Do you use quarterly marketing meetings to generate content ideas?


Most companies do great work for clients — but fail to share it. Meanwhile, marketing teams struggle to produce content that feels real, useful, or relevant. The problem? They're not close enough to the work.

By running quarterly marketing meetings with your account managers, you create a feedback loop that surfaces the most impressive client stories. Even better, by bringing in the developers who built the solution, you can turn those stories into rich, technical case studies that educate, impress, and convert.

Why this matters

Account managers know what was built and why it mattered to the client. Developers know how it was built, including the tough decisions, technical constraints, and clever solutions. Marketing needs both sides of the story to craft high-quality content that:

  • Builds trust with prospects
  • Attracts developers and talent
  • Strengthens your brand as a problem-solver

What the meeting should look like

These meetings should happen every quarter and follow a simple format.

Attendees

  • Marketing team (1–2 reps)
  • All account managers
  • Optionally the dev manager or team leads

Agenda

  1. Account managers each share 1–2 recent client wins or cool solutions delivered
  2. Marketing asks follow-up questions to assess if a story is "case study worthy"
  3. Identify the key developers involved and invite them to a follow-up deep dive
  4. Capture next steps (e.g. interview scheduled, quote approval, screenshots)

Figure: Good example – Structured agenda that gets client stories flowing and leads to actionable next steps

Pro Tip: Look for stories with these elements

  • A real client challenge (business or technical)
  • A clever, non-obvious solution
  • Results the client loved (faster, simpler, smarter)
  • A dev who can explain the "how" in plain English

Follow-up process

Once a good story is identified, don't let it fade.
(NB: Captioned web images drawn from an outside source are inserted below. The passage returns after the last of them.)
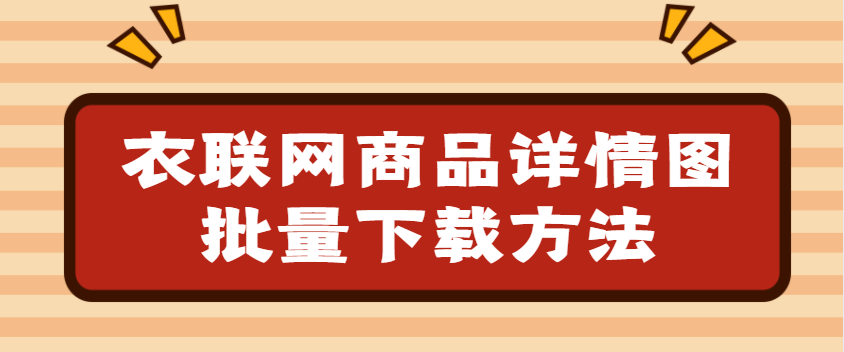 衣联网商品详情图怎么保存，如何下载衣联网商品的详情图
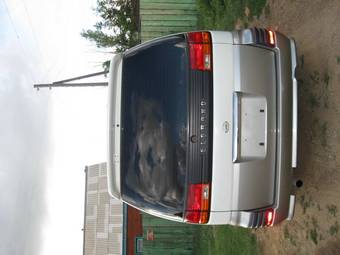 1999 Nissan Elgrand For Sale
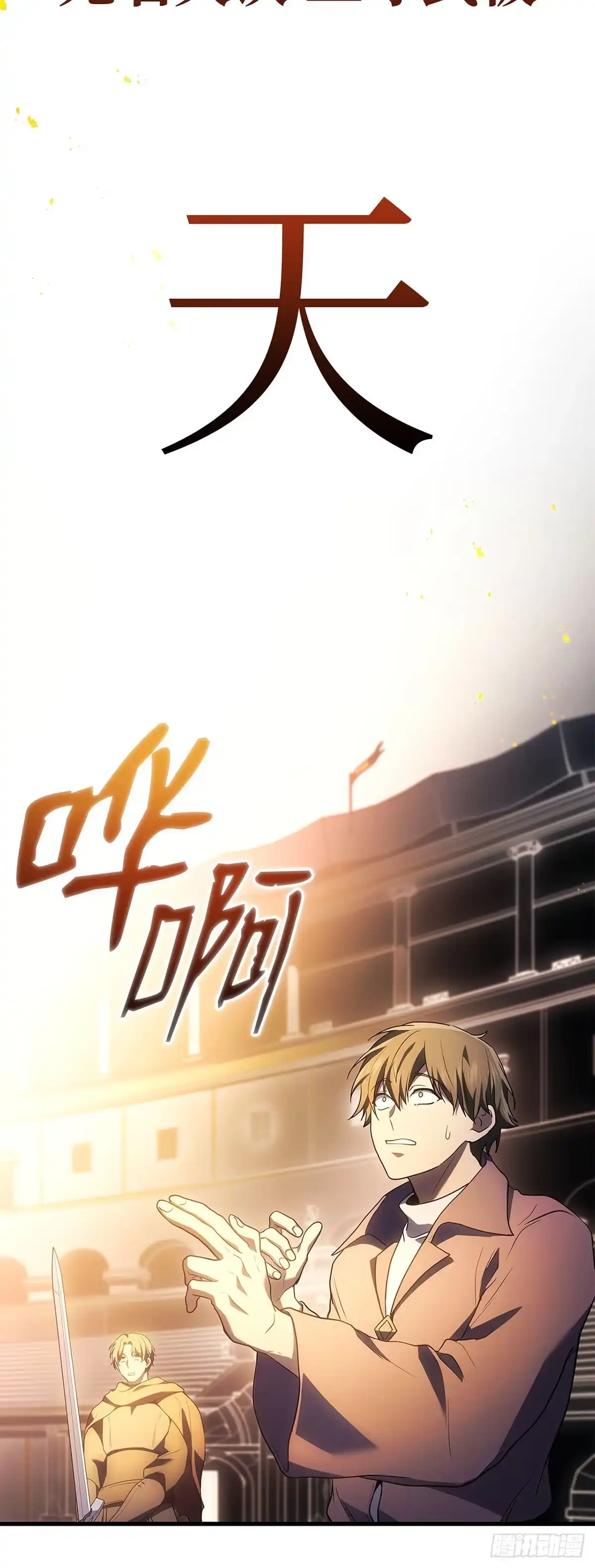 武神重生：从2级开始逆袭 第49话 第35页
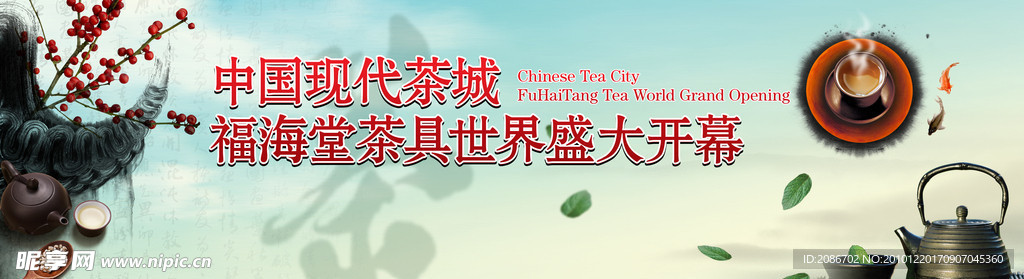 背景 茶叶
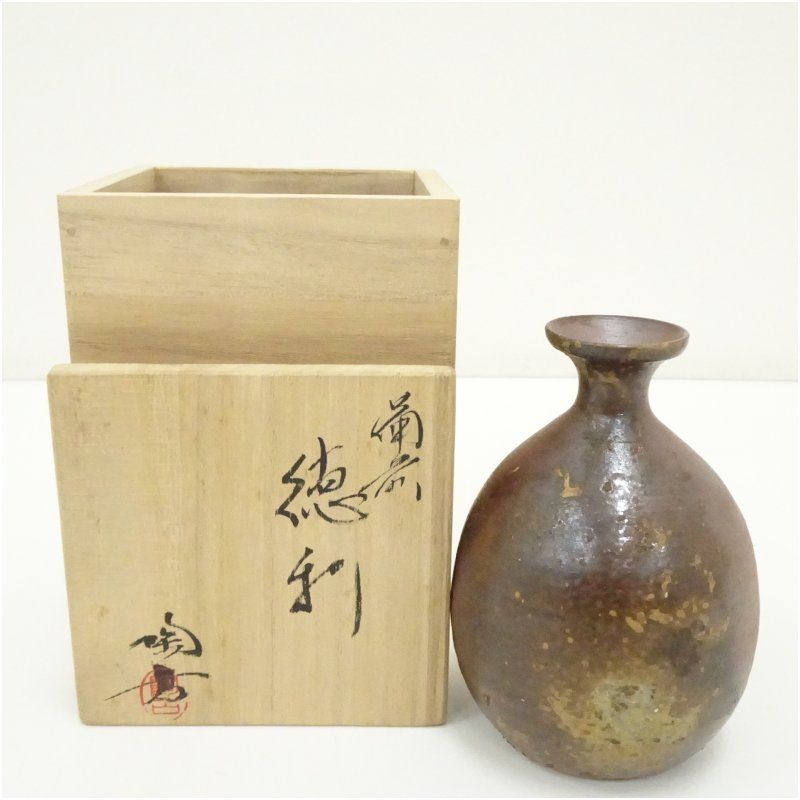 備前焼　小西陶古造　徳利（共箱） 酒器 おしゃれ かわいい 酒 日本酒 和食 懐石 骨董 とっくり インテリア 茶事 茶道 茶道具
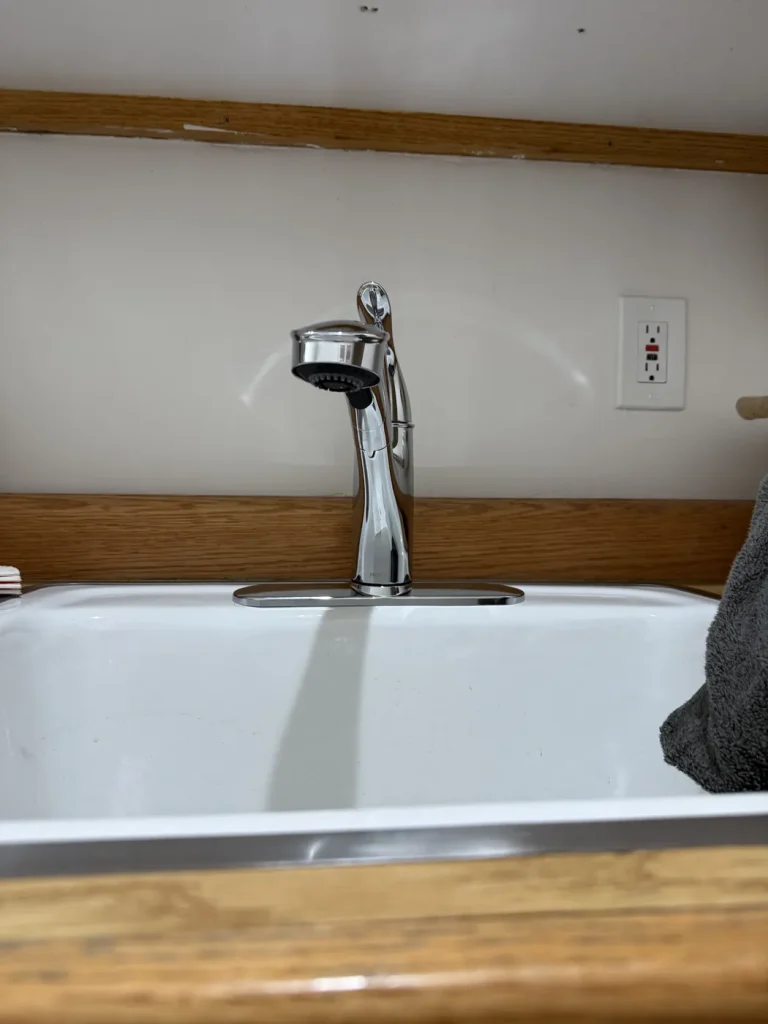 The laundry sink faucet.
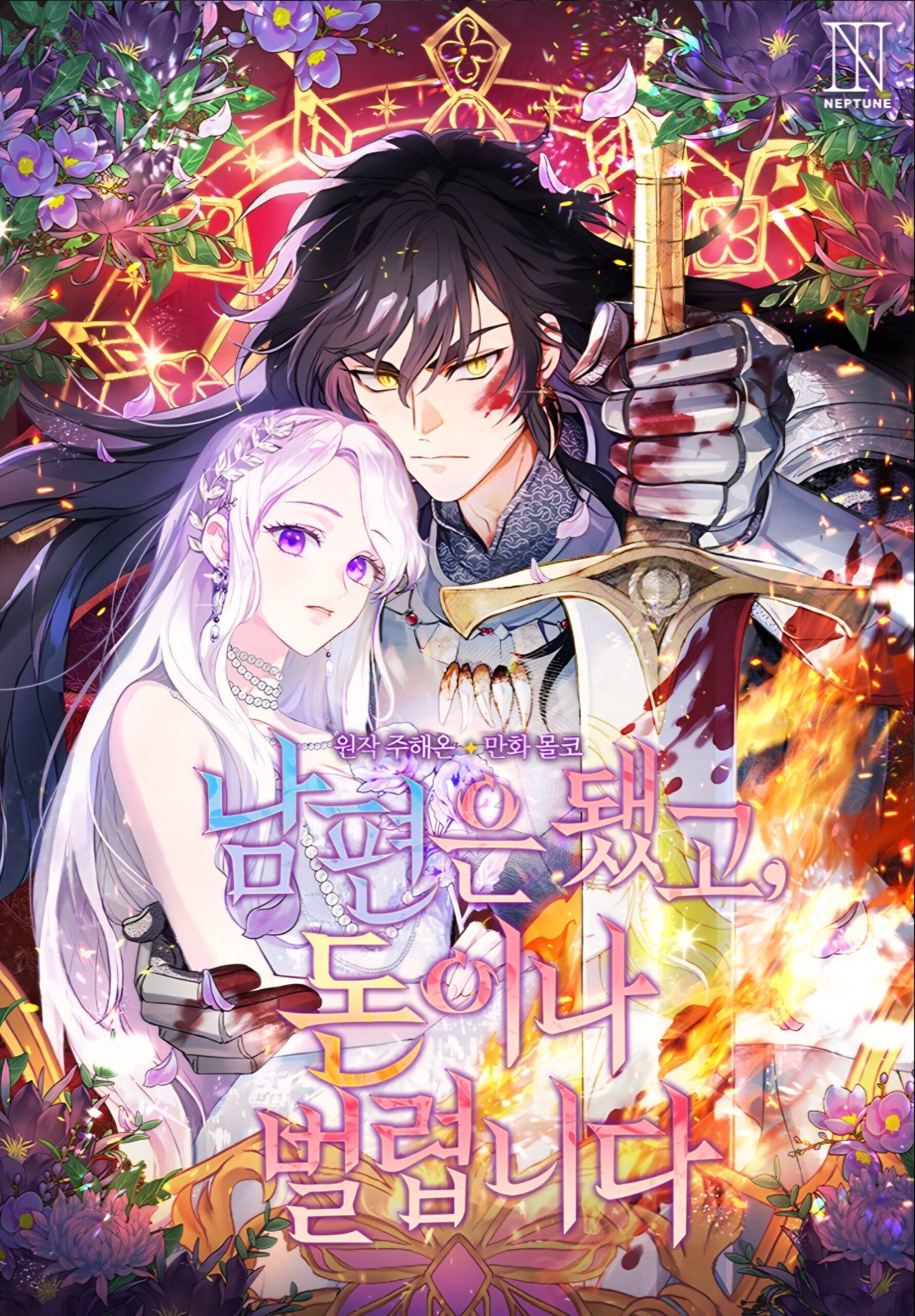 Forget My Husband, I’ll Go Make Money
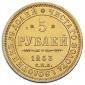   year на аукционе . Цена 51000 RUB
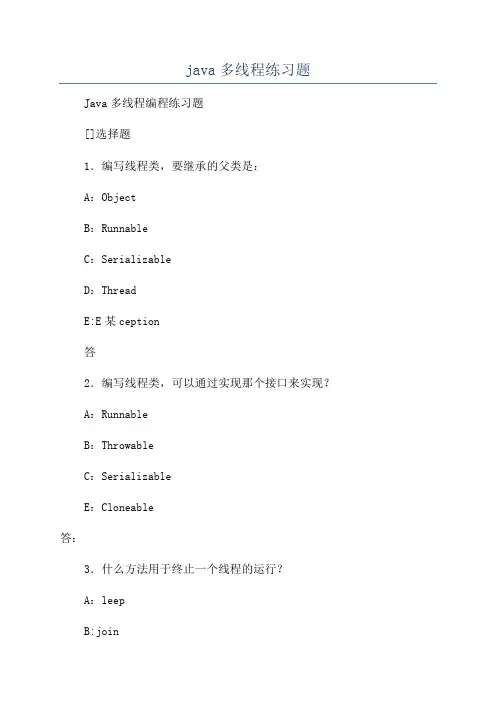 java多线程练习题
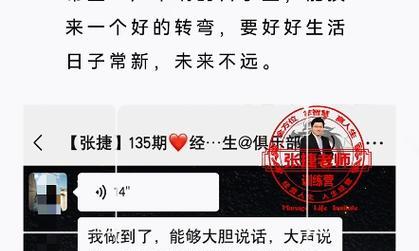 如何克服发言紧张？掌握这些小妙招让你轻松应对！  第1张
Assign a content owner to:

  1. Interview the developer (record the session)
  2. Write the first draft of the case study
  3. Get review and sign-off from the dev and client
  4. Publish and promote (blog, newsletter, social)

Why this works

  • Developers are more engaged when talking about real work they’re proud of
  • Marketing avoids fluff and gets real, technical stories
  • Clients see their success being showcased (which builds loyalty)
  • Sales has powerful proof to share with prospects

By setting up these quarterly meetings, you make case studies part of your company rhythm — not just a wishlist item.